Early Spider Orchids have a three year growth cycle from seed to flower and the success or otherwise of the plant's setting seed is the main factor in affecting the orchid's numbers. They are small, growing from 5-30cm tall and the ones  we came to see here in Dorset are said to be at the smaller end of the spectrum, ranging from 2-7cm in height.The lip of the flower is coloured a deep rich brown with a smooth blue grey mark shaped like the letter H at its centre but the orchid gets its name from the fact that the petals and sepals are long and slender and reminiscent of a spider's legs However it attracts its pollinator, the male Solitary Bee by sexual deceit as the round, convex, velvety lip of the flower resembles a fat, hairy female bee and even smells like a female thus attracting the male bee to attempt to mate with it and in the process he collects pollen on his head and body which gets transferred to the next plant he tries it on with.


The first of the two areas we were directed to was in a field above the Visitor Centre and the associated car parks that are built into the side of a steep hill and after a yomp up various lung busting inclines and through latched gates we thought we might be in the field that the ranger had told us to seek, although we were none too sure.

We separated and crossed and re-crossed the field that glowed yellow with a profusion of cowslips but apparently with  no orchids. 


I recalled the ranger lady said the orchids were in a corner of the field so gravitated there and after checking countless cowslips at my feet, there, thrillingly and unexpectedly was an Early Spider Orchid amongst them. Just one and tiny, no more than a few centimetres tall but, as they say, perfectly formed and with a large bee like  flower showing to perfection amongst its pale yellow green petals and sepals supported on a short, fleshy green stalk.
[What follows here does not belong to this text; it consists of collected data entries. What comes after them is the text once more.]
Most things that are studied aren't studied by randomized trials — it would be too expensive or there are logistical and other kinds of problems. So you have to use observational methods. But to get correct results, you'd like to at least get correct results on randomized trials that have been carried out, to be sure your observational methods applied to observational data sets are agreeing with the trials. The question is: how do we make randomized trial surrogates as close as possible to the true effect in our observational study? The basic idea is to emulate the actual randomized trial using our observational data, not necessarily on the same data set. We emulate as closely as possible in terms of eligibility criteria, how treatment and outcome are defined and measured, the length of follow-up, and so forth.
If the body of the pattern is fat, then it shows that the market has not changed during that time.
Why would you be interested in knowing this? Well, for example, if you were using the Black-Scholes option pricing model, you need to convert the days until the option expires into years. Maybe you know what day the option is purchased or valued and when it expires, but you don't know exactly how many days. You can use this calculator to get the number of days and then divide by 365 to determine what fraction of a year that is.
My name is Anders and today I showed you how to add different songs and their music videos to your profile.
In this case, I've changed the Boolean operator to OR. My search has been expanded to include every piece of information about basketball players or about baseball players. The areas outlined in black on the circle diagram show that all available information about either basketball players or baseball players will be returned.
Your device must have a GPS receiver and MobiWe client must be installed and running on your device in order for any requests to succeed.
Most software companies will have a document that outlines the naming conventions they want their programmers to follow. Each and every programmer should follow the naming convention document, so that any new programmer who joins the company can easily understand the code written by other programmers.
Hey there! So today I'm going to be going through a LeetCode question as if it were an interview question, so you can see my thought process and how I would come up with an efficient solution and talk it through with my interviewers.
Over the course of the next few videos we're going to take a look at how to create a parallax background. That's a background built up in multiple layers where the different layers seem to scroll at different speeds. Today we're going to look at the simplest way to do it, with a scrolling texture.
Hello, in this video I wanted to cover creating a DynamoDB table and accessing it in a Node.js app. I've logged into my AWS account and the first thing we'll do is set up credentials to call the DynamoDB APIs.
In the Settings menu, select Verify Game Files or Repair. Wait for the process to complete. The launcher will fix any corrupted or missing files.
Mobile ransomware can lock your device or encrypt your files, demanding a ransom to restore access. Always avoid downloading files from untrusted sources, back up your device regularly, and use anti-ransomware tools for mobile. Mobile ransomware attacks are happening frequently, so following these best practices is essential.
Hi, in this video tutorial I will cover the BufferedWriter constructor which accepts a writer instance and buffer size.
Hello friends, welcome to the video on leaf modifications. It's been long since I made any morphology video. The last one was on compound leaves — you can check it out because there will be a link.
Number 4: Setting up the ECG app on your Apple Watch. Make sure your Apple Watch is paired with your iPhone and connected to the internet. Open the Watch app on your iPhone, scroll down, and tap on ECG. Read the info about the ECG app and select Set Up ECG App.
I looked up to call to Peter about my find but there was no sign of him as presumably he was searching elsewhere.  I prostrated myself on the grass and took some images of the coveted orchid. Peter rejoined me and  I moved over to allow him to take his shots. The ranger had said there were a good number of orchids to be found here but we only found one more and that only after a good deal of searching. Maybe we were too early?.

A rather fruitless period then ensued, where we separated once again and Peter failed to find any at the second location we had been told about near the Anvil Point Lighthouse.Frustrated and tired of tramping up and down the steep gradients and knowing there were definitely many on the downland slopes near the lighthouse we went back to the Visitor Centre for more precise directions. I waited outside while Peter went to  find some staff who this time were much more co-operative about assisting us to see the orchids.

Photographing the orchids

Anvil Point Lighthouse and the slope where we found many Early Spider Orchids

He returned with  detailed directions as to where to find them on a slope above and west of the lighthouse and after walking for fifteen minutes we ascended a steep slope and found in excess of a hundred growing there, scattered randomly  on the chalk downland. 





Some had been trodden down by the passing feet of unknowing visitors but many more were thriving off the beaten track so to speak and we made the most of it, wandering hither and thither photographing any that took our fancy. In sheltered areas some were slightly taller and others had their bee like flowers faded to an orange buff due, I am led to believe, to being already pollinated.




So small and seemingly insignificant amongst the short grass they were to me like tiny gems that turned the ordinary into the extraordinary. Another life fulfilling experience to add to so many others.


For half an hour we happily discovered more and more Early Spider Orchids until eventually we had our fill and by mutual agreement returned to the car park, considering our mission well and truly accomplished.